If you're feeling frisky, Zed has a decent agent harness and a very good editor.

post-it · 2026-04-24T12:40:22 1777034422

I've downloaded Zed but haven't used it much, maybe this is my sign. Thanks!

oceanplexian · 2026-04-24T06:10:54 1777011054

You can just use Claude Code with a few env vars, most of these providers offer an Anthropic compatible API

avereveard · 2026-04-24T06:03:09 1777010589

eh idk. until yesterday opus was the one that got spatial reasoning right (had to do some head pose stuff, neither glm 5.1 nor codex 5.3 could "get" it) and codex 5.3 was my champion at making UX work.

So while I agree mixed model is the way to go, opus is still my workhorse.

gunalx · 2026-04-24T09:16:12 1777022172

I find gemini pretty good ob spatial reasoning.

avereveard · 2026-04-24T09:44:54 1777023894

Yeah but gemini has a hard time discussing about solutions it just jump to implementation which is great if it gets it right and not so great if it goes down the wrong path.

Not saying it is better or worse, but the way I perpersonally prefer is to design in chat, to make sure all unknown unknown are addressed

szundi · 2026-04-24T05:12:49 1777007569

I don’t know what people are doing but Minimax produced 16 bugreports which of 15 was false positives (literally a mistake).

In contrast ChatGPT 5.3 and also Opus has a 90% rate at least on this same project. (Embedded)

All other tests were the same. What are you doing with these models?

sandGorgon · 2026-04-24T05:52:35 1777009955

actually this is not the reason - the harness is significantly better. There is no comparable harness to Claude Code with skills, etc.

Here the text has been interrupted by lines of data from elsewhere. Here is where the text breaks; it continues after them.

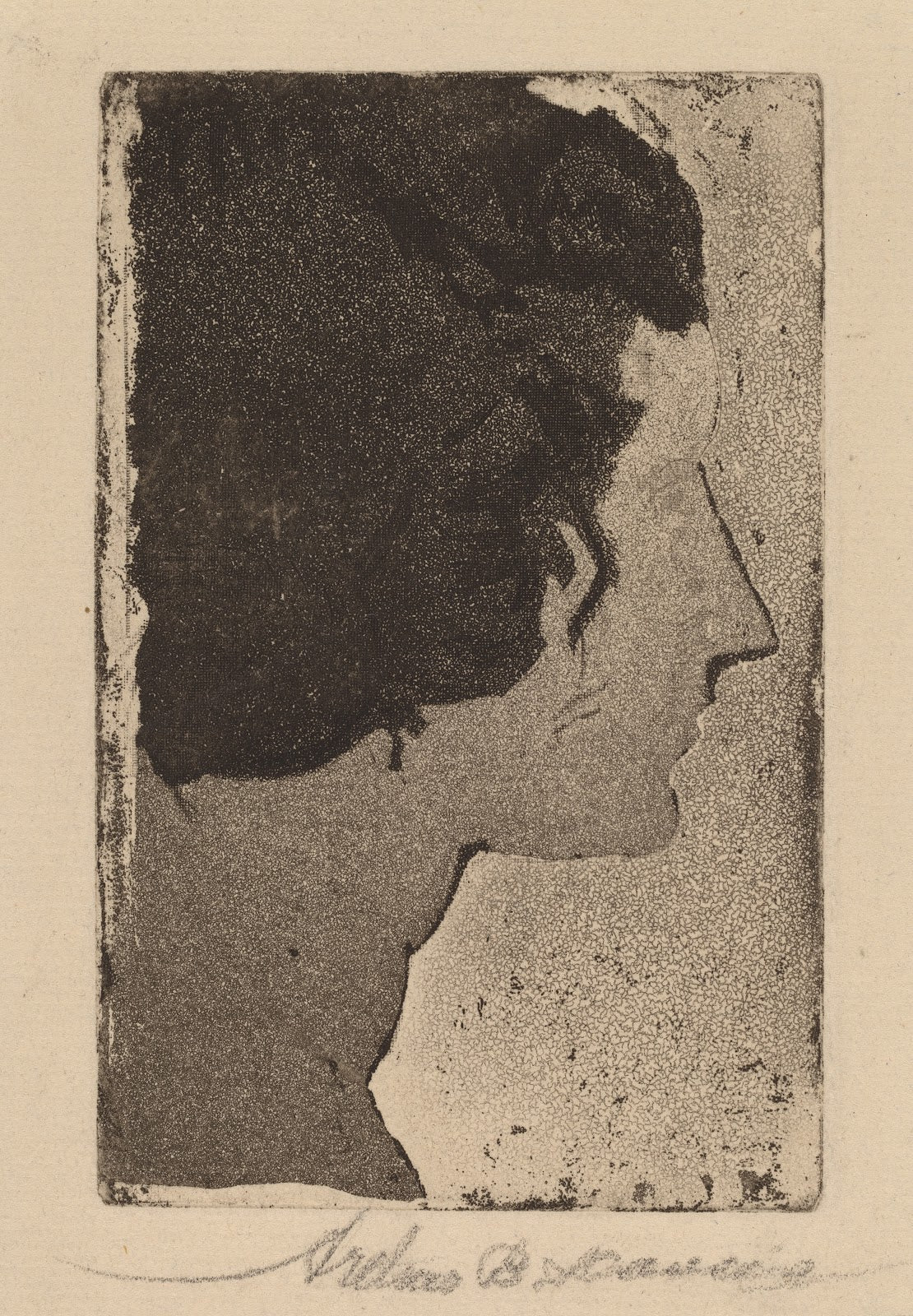 Profile 1919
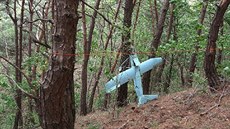 Dron vyfotografovaný jihokorejským ministerstvem obrany podle Soulu fotil nov...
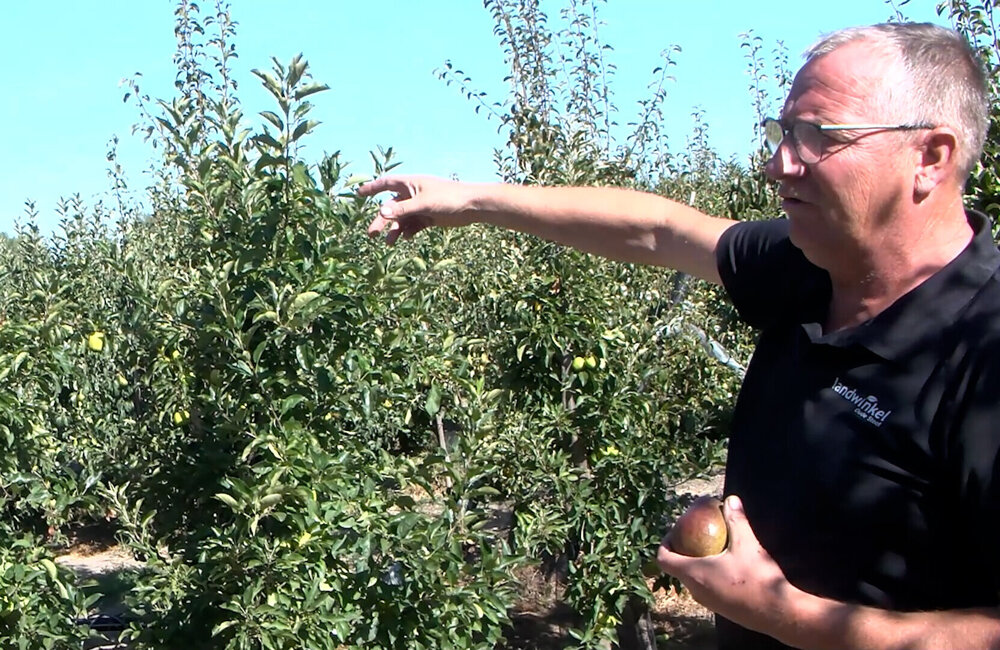 Jubileum Fruitbedrijf van Assche 2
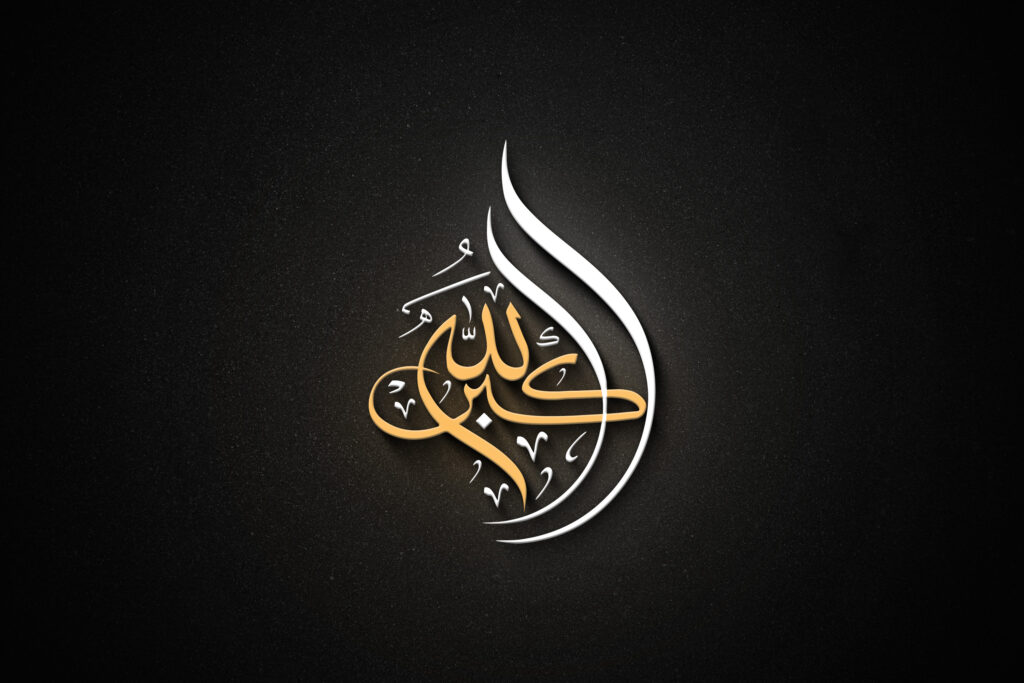 FA Hasib - portfolio - 2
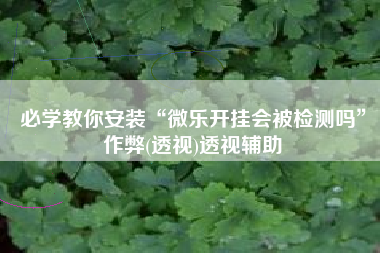必学教你安装“微乐开挂会被检测吗	”作弊(透视)透视辅助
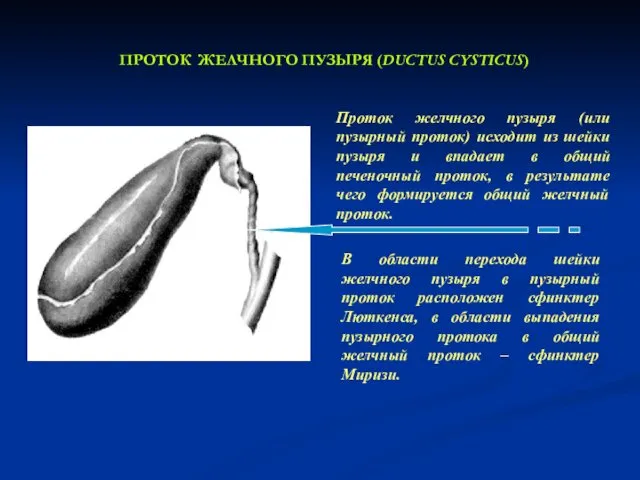 ПРОТОК ЖЕЛЧНОГО ПУЗЫРЯ (DUCTUS CYSTICUS) Проток желчного пузыря (или пузырный проток) исходит из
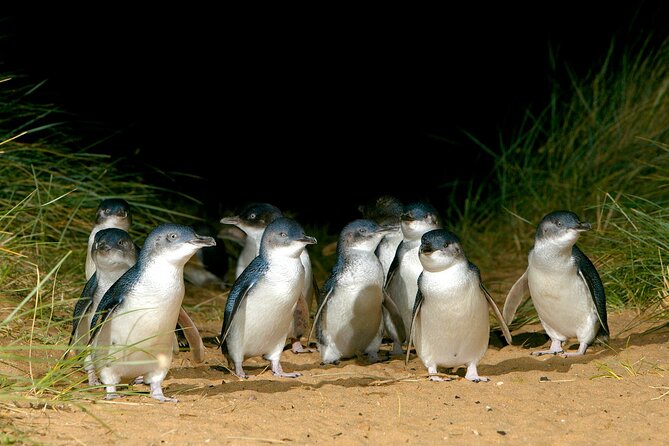 Full-Day Phillip Island Tour with Kangaroo, Koala and Penguin Parade - Moonlit Sanctuary Wildlife Conservation Park: your first real wildlife hit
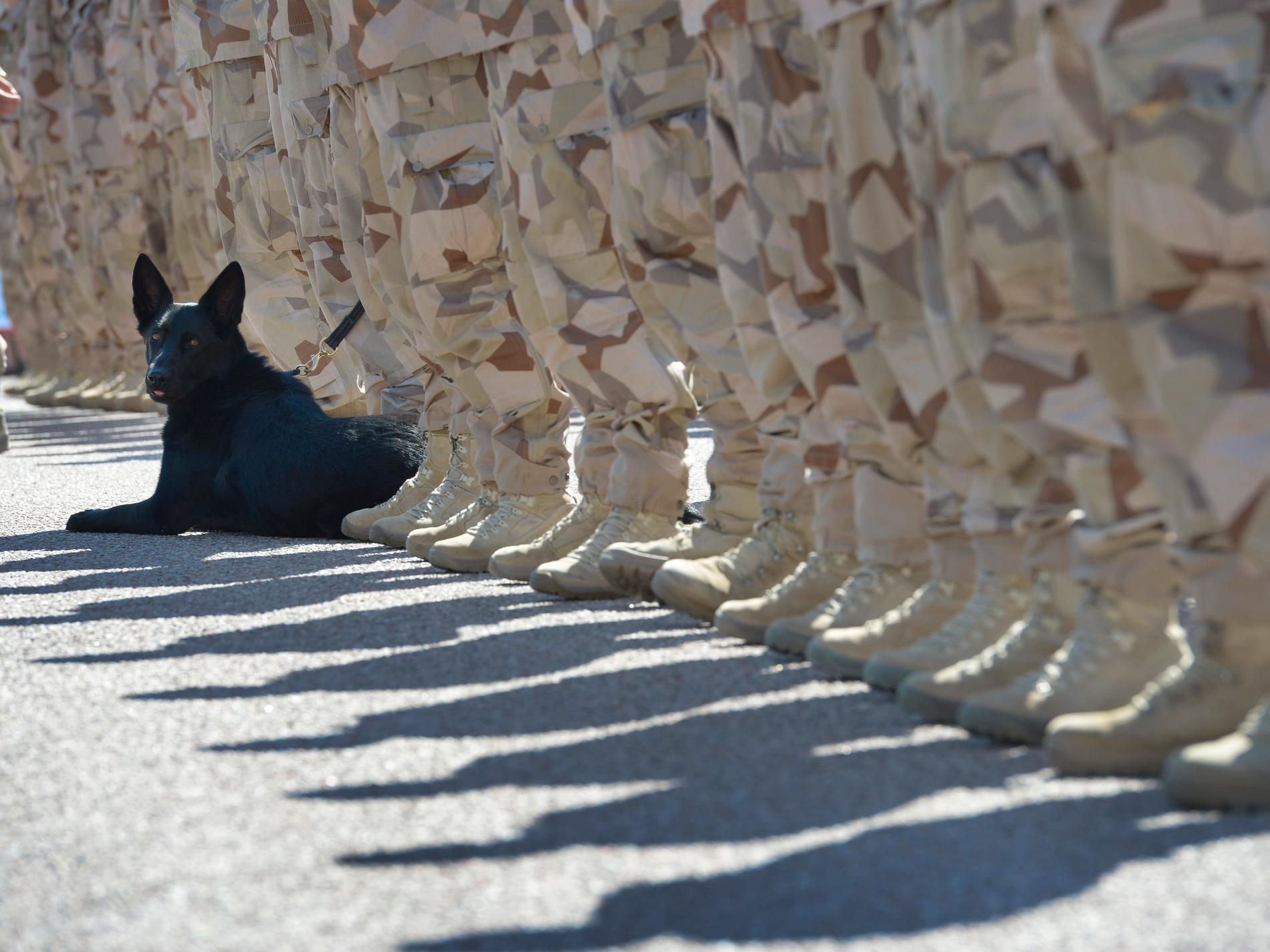 Fler militärhundar ska födas upp och utbildas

Opencode was getting there, but it seems the founders lost interest. Pi could be it, but its very focused on OpenClaw. Even Codex cli doesnt have all of it.

which harness works well with Deepseek v4 ?

darkwater · 2026-04-24T06:09:41 1777010981

What's the issue with OC? I tried it a bit over 2 months ago, when I was still on Claude API, and it actually liked more that CC (i.e. the right sidebar with the plan and a tendency at asking less "security" questions that CC). Why is it so bad nowadays?